In this Letter we’ll cover:

  1. Bankroll Management
  2. Probabilistic Thinking
  3. Tracking Results
  4. Using Tools
  5. Minimizing Tilt

Let’s jump right in.


Bankroll Management

Arguably the most important. Many of you will have heard me say a hundred times (including in my previous Letter):

The only thing you need to do to thrive in this space, is survive this space.

While not strictly true, it’s close enough.

Effective Bankroll Management is the strategy you need to understand and employ to ensure that you survive.

In poker, the thinking goes something like this:

Let’s say you have a total of $5,000 in dispensable money that you are willing to allocate into your “poker bankroll”. You’re comfortable risking/losing that amount, but you can’t/don’t want to add any more to it in case you lose it all.

The LAST thing you want to do is sit down at a table with all $5,000. One single unlucky hand, one bad beat, and you lose it all, even if you play perfectly. This is because there are forces outside your control that impact the results (luck). What you should do is buy into games with a much lower buy-in.

It’s been a while since I have played but back in my day, conventional wisdom suggested a minimum of 20 buy-ins, usually more. 50 buy-ins was not unreasonable, and 100 was probably at the more conservative end. It varied depending on the stakes, your ability to move down in stakes, and how able you were to replenish your bankroll.

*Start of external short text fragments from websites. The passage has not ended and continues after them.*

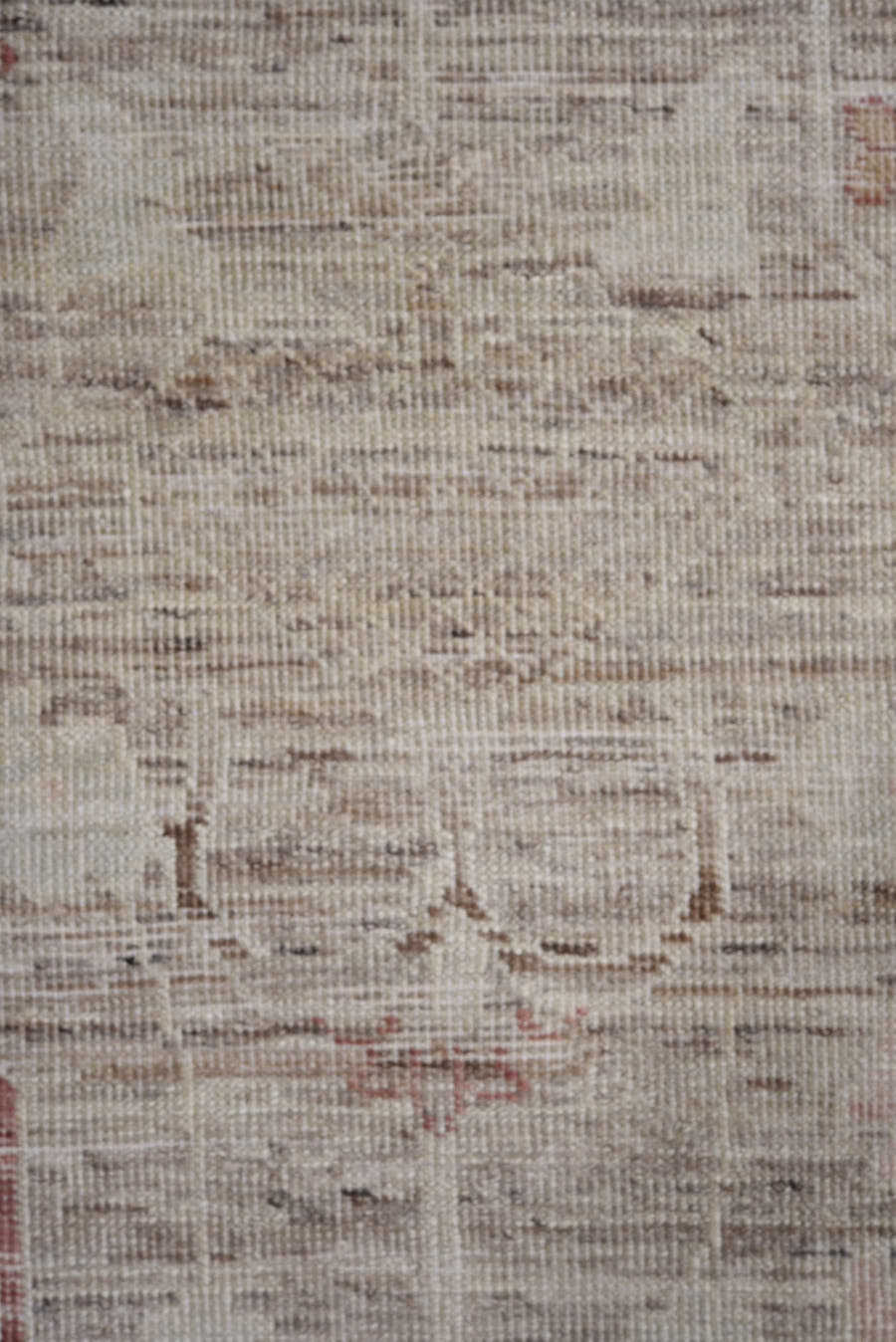 8' x 9' one-of-a-kind handmade vintage Oushak rug. Color palette: taupe, ivory, blush, rust, beige, camel, sage, gray, pink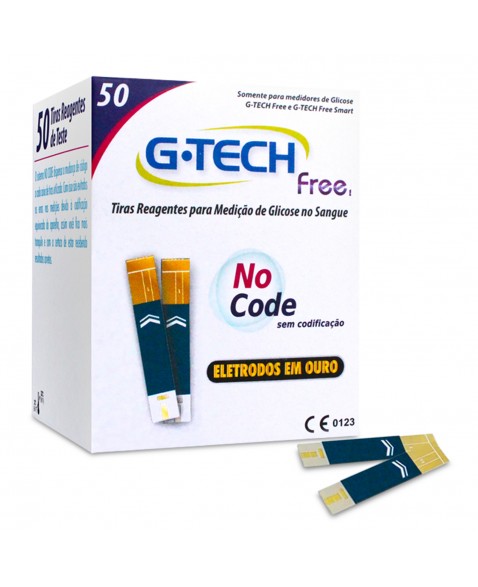 Tira Reagente G-Tech Free para Medir Glicose no Sangue com 50 Unidades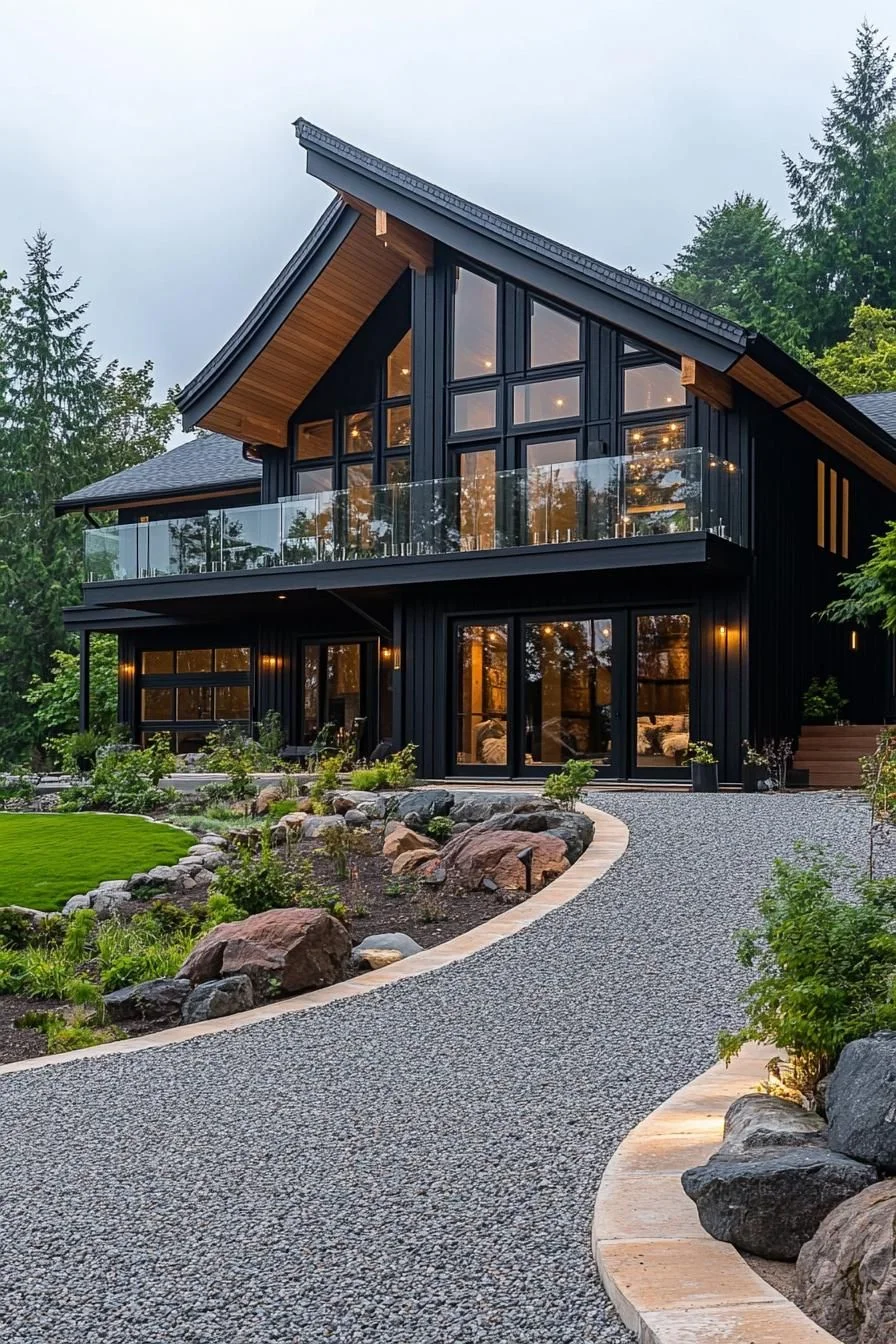 Floor-to-ceiling windows and a bold black exterior give this barn house serious visual weight. A glass balcony adds a modern edge, moving the design firmly away from anything traditional or farmhouse-plain.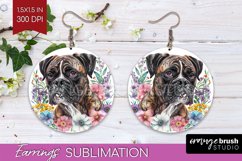 Floral Dog Round Earrings - Flowers PNG Sublimation Product Image 1
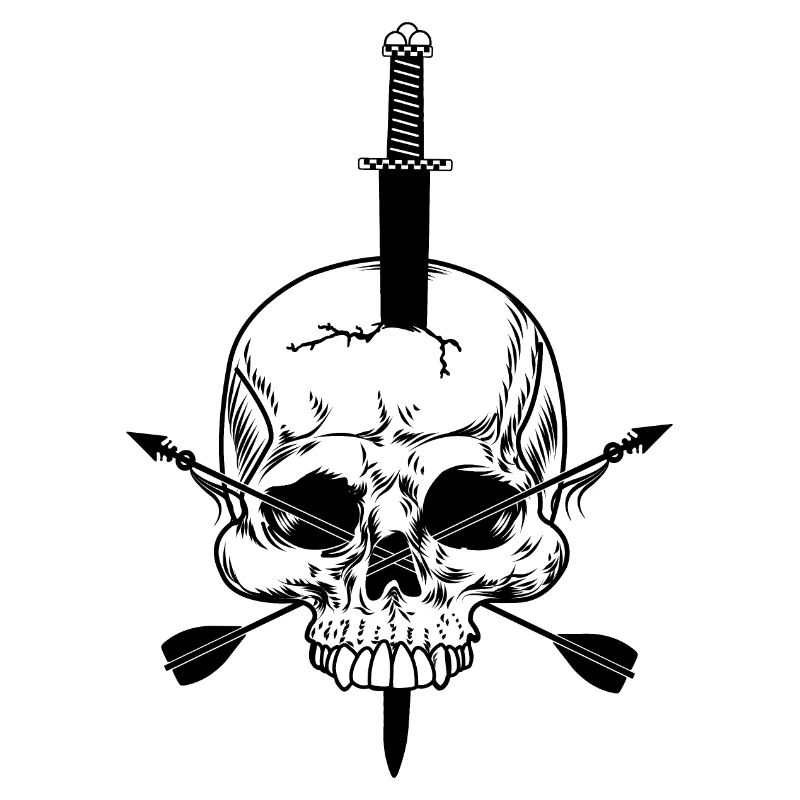 Crâne blanc percé d’épée et de deux sangs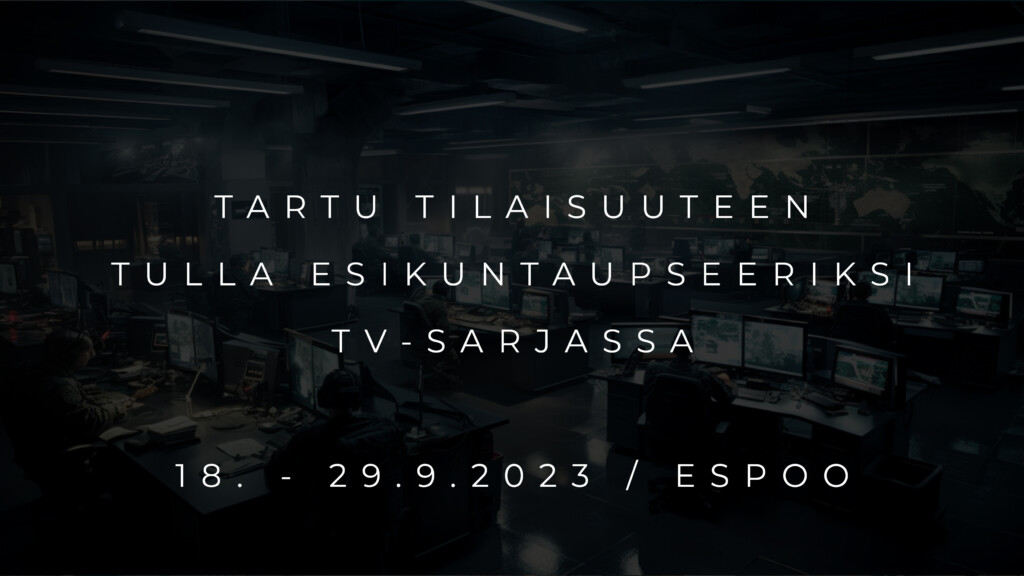 Teksti tummalla taustalla: Tartu tilaiuuteen tulla esikuntaupseeriksi TV-sarjassa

Assuming an average/modest strategy (50 buy-ins), with a Bankroll of $5k you would only want to play a table that has a $100 buy-in. If you lose it all, no big deal, you can re-buy and try again, or move to another table and try again. You’re not risking the opportunity cost of losing and being unable to continue to play.

Bringing it back to crypto and NFTs, let’s assume you have $5,000 or 3 ETH to play with (or 1 ETH.. he says, wistfully remembering 2021; insert tear drop emoji). The LAST thing you want to do is go and put all of it into one coin, or one NFT. We’ve seen single projects implode a million times over, and there are forces outside of anyones control that will continue to make that happen, over and over.

Instead, you should be allocating significantly smaller amounts to each “bet” you make on a project. Consider mentally divvying up 3 ETH into 50 buy-ins of approximately 0.06 ETH each. It’s probably okay to buy one or even 2x/3x of a project at that price point, b/c if it goes to hell you’re still gonna be in the game.

Another part of BR management is remaining liquid. Just because you have 3 ETH to work with, doesn’t mean you should immediately (or ever) deploy all 3 ETH into projects. This is how you miss out on fantastic opportunities that come up out of nowhere. There’s nothing worse than seeing an AMAZING opportunity that you need 0.2 ETH to capitalize on and being unable to because you’re tapped out.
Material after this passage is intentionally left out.